The electronic transition results aim at a temperature-activated and non-radiative recombination channel in the GaN material system, which can, even at high MOCVD temperatures, be saturated with a sufficiently high excitation density. Therefore, the indirectly-observed and non-radiative recombination channels are quantitatively limited and likely assigned to a certain defect concentration in the GaN material.

Fortunately, a pulsed UV laser can readily provide sufficient excitation density at still-tolerable pulse energies. Thereby, an efficient PL excitation is possible even at high temperatures, and such PL signals can be utilized for in situ monitoring of growing crystal layers during MOCVD epitaxy. In situ PL offers valuable information about the growing material [2,3]. The layer thickness and the directly-linked growth rate are accessible via the Purcell effect, the actual surface temperature as a crucial parameter in MOCVD can be derived. Additionally, the roughness, self-absorption coefficient, and the composition In_xGa_1−xN is available, as already shown in previous contributions [2,3].
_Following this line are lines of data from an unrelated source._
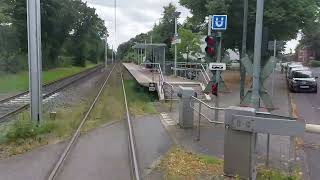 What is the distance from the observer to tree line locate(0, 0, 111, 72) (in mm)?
47500

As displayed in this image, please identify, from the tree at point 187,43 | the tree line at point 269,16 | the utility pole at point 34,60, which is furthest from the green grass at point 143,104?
the tree at point 187,43

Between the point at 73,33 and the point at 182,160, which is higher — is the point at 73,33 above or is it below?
above

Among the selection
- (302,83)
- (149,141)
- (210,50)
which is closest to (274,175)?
(149,141)

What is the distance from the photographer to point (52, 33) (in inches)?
2741

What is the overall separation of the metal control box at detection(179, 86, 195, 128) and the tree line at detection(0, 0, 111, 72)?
103 feet

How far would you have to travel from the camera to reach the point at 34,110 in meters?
13.4

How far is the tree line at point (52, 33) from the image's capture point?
4750 centimetres

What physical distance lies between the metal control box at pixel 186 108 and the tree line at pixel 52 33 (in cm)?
3143

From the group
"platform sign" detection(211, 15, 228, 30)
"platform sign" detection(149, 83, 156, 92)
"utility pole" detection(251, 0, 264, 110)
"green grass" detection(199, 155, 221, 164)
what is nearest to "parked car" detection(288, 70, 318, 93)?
"platform sign" detection(149, 83, 156, 92)

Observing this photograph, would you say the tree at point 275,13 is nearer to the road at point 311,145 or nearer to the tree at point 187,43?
the road at point 311,145

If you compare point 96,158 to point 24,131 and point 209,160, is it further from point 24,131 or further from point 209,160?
point 24,131

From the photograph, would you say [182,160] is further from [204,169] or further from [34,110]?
[34,110]

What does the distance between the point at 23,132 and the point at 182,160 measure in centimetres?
463

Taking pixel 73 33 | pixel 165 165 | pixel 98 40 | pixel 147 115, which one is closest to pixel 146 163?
pixel 165 165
Through determining the excitation threshold for PL at high temperatures, even the concentration of electronically-active defects is observable, as described for the first time here. The threshold provides in situ information for the electronic material’s quality regarding the newly-growing crystal layer at the earliest possible stage, here described for the first time with convenient in situ PL methods. With the experience of our prior work [2,3,4] we are very confident that the threshold can be practically applied in real MOCVD processes, since even less excitation power is required [2,3]. The performance of a device is typically affected by the semiconductor’s defect density. The proposed PL technique, for example, can be applied for in situ monitoring and optimizing the electronic quality of growing GaN buffer layers as a substrate for InGaN MQW structures intended for LED or laser diodes. It should be noted that only high-quality samples (as designated for the application) are investigated in this study. In case of more and unintended non-radiative recombination centers, even at room temperature, the in situ PL signal at higher temperatures drastically decreases. Such a drastic decrease of the in situ PL is already a characterization criterion, itself, for quality monitoring.

The in situ investigation of more impure samples opens up an extended field for future investigations. The current manuscript only presents the basic observations and relations for high-quality samples.

However, the lifetime and the efficiency of laser diodes strongly depend on the material quality and the semiconductor’s defect density, which can now be observed and corrected during growth. Furthermore, material’s imperfections are held responsible for noise, reduced carrier mobility, and/or reduced breakdown thresholds in nitride-FETs for high-performance RF applications. It can be anticipated that adapted PL methods will also apply to the important and closely-related GaN-AlGaN system.